Elijah, the great prophet who has traveled the length of Israel and spoken the word of the Lord directly to Israel’s king, is now about to take the longest journey of all. Somehow he knows that his time has come. His disciple Elisha knows too, but they do not speak of it. Instead, Elijah turns to Elisha and says, “Stay here; for the Lord has sent me as far as Bethel.”
Elisha will hear none of it. He vows, “As the Lord lives, and as you yourself live, I will not leave you.” So they go down to Bethel together, with the unspoken reality of impending death accompanying them.
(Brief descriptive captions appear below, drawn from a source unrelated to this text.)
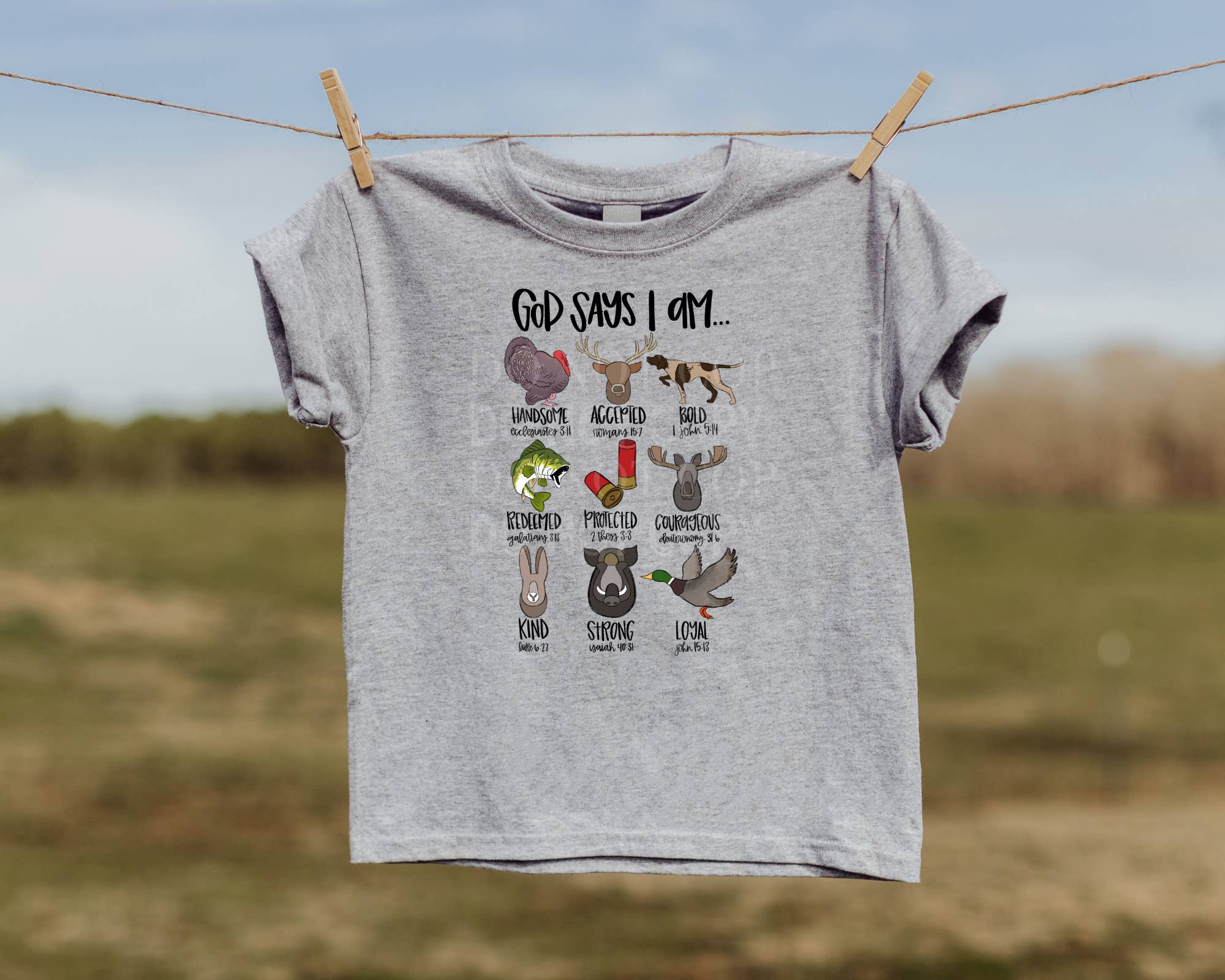 Cash & Drix Wholesale - Wholesale Screen Printed T-Shirt - Kids - God Says I am - Animals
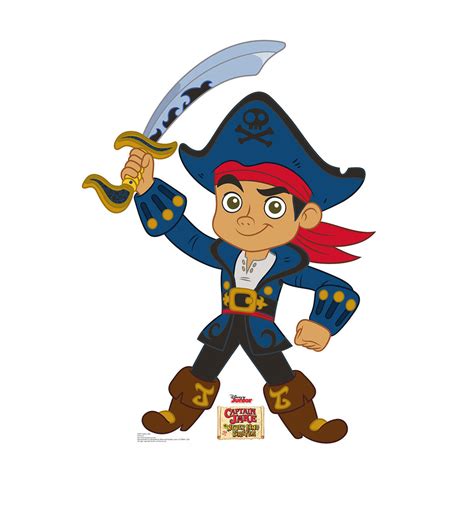 Life-size Captain Jake - Jake and The Neverland Pirates Cardboard ...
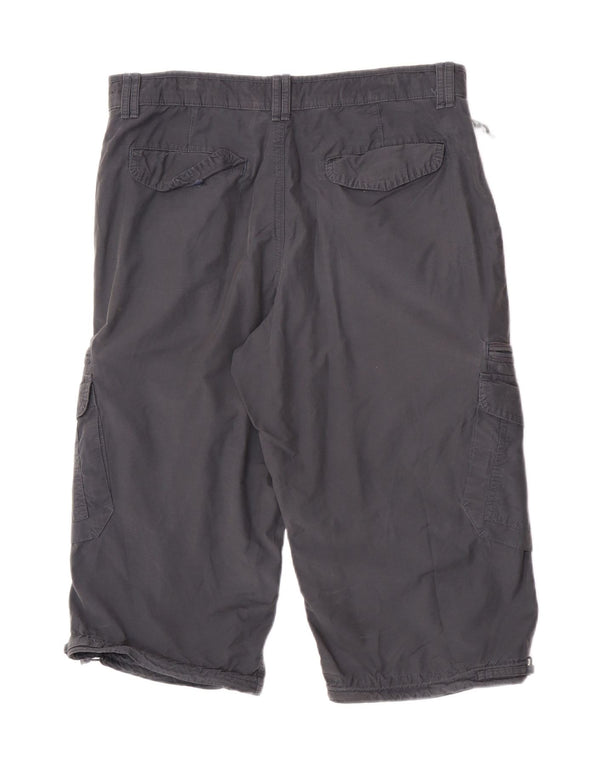 Pantaloncini bermuda cargo Marks & Spencer da uomo blu Harbour W34 grande grigio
When they reach Bethel, the prophets of that city can see the reality that follows Elijah like a shadow. They take Elisha aside and ask if he knows. He replies, “Yes, I know; keep silent.” The reality of what lies ahead may be inescapable, but let it remain unnamed. Some realities seem too large and too powerful to be named.
As Elijah heads out for Jericho, he again asks Elisha not to go with him, and again the disciple vows that he will not leave the master. The prophets of Jericho ask, “Do you know that today the Lord will take your master away from you?”
Does Elisha know? Does one know when one’s heart is breaking? If only he could forget for just a moment! “Yes, I know,” he replies, “but be silent.”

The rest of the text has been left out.